The CMP measures total calcium in your blood. Your body uses calcium for far more than bones: it’s essential for muscle contraction, nerve signaling, and blood clotting. High calcium can be caused by overactive parathyroid glands, certain cancers, bone disorders like Paget’s disease, or long-term overconsumption of vitamin D. Low calcium may indicate low protein levels, underactive parathyroid glands, too little vitamin D or magnesium, kidney disease, or pancreatitis.

Fasting and Preparation

You’ll typically need to fast for 8 to 12 hours before a CMP because eating can affect your glucose result and some liver values. Fasting means no food or drink except plain water. Let your provider know about any prescription medications, over-the-counter drugs, vitamins, or supplements you take, since some can shift CMP results. Don’t stop taking any medication unless your provider specifically tells you to.

Reading Your Results

Your lab report will list each of the 14 values next to a reference range.

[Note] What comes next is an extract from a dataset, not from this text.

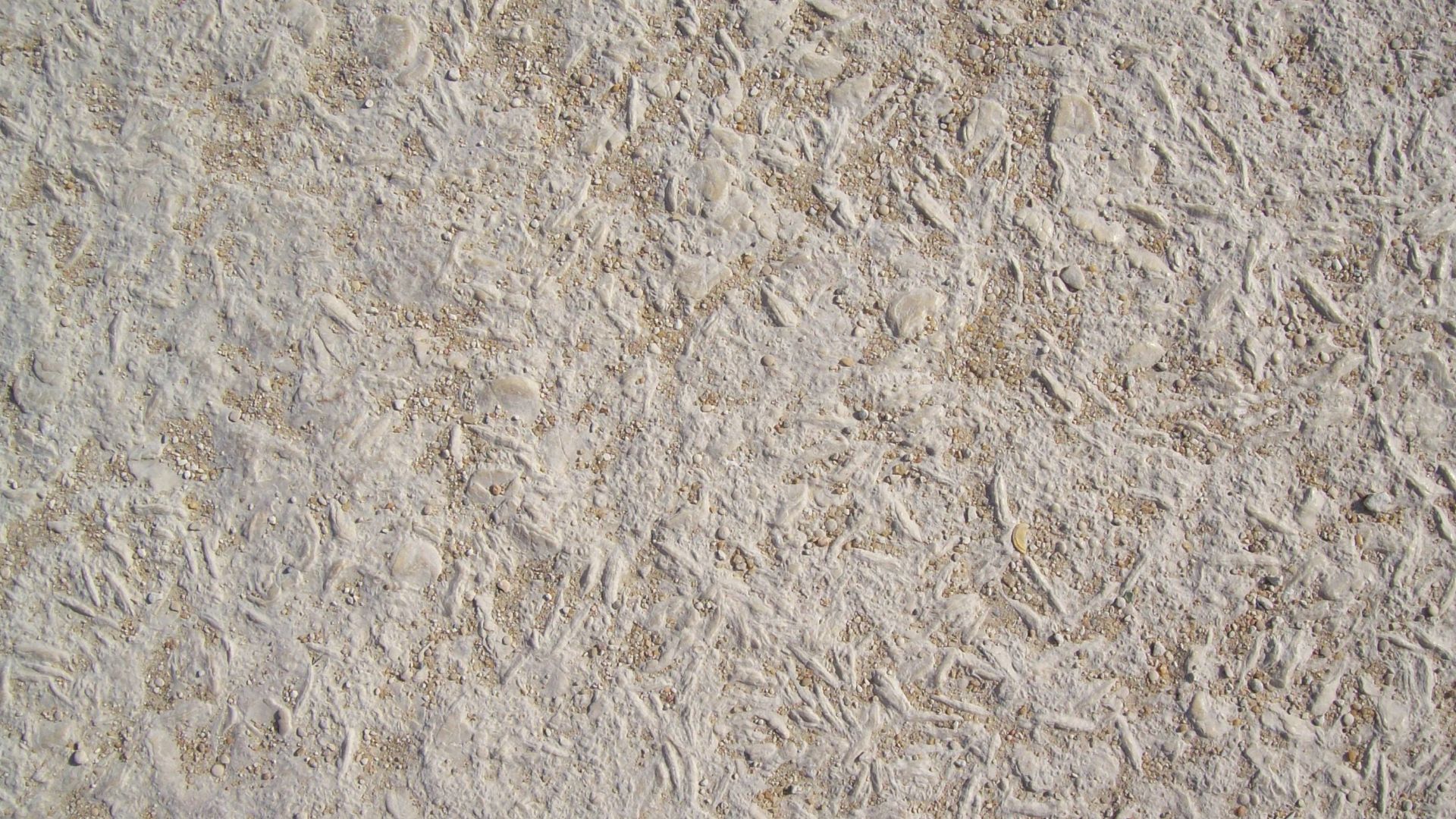 File:Nummulitic limestone forming the bedrock of the Great Pyramid.jpg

Results outside that range get flagged, but a single abnormal number doesn’t necessarily mean something is wrong. Dehydration, a recent intense workout, or a meal you forgot to skip can all push a value out of range temporarily. Your doctor evaluates the full panel together, looking at patterns. Elevated BUN with elevated creatinine points more strongly toward a kidney issue than either one alone. Similarly, ALT and AST rising together tells a different story than ALP rising on its own.

If several values come back abnormal, your provider will often order follow-up tests that zoom in on the specific organ or system that looks concerning, rather than repeating the entire CMP.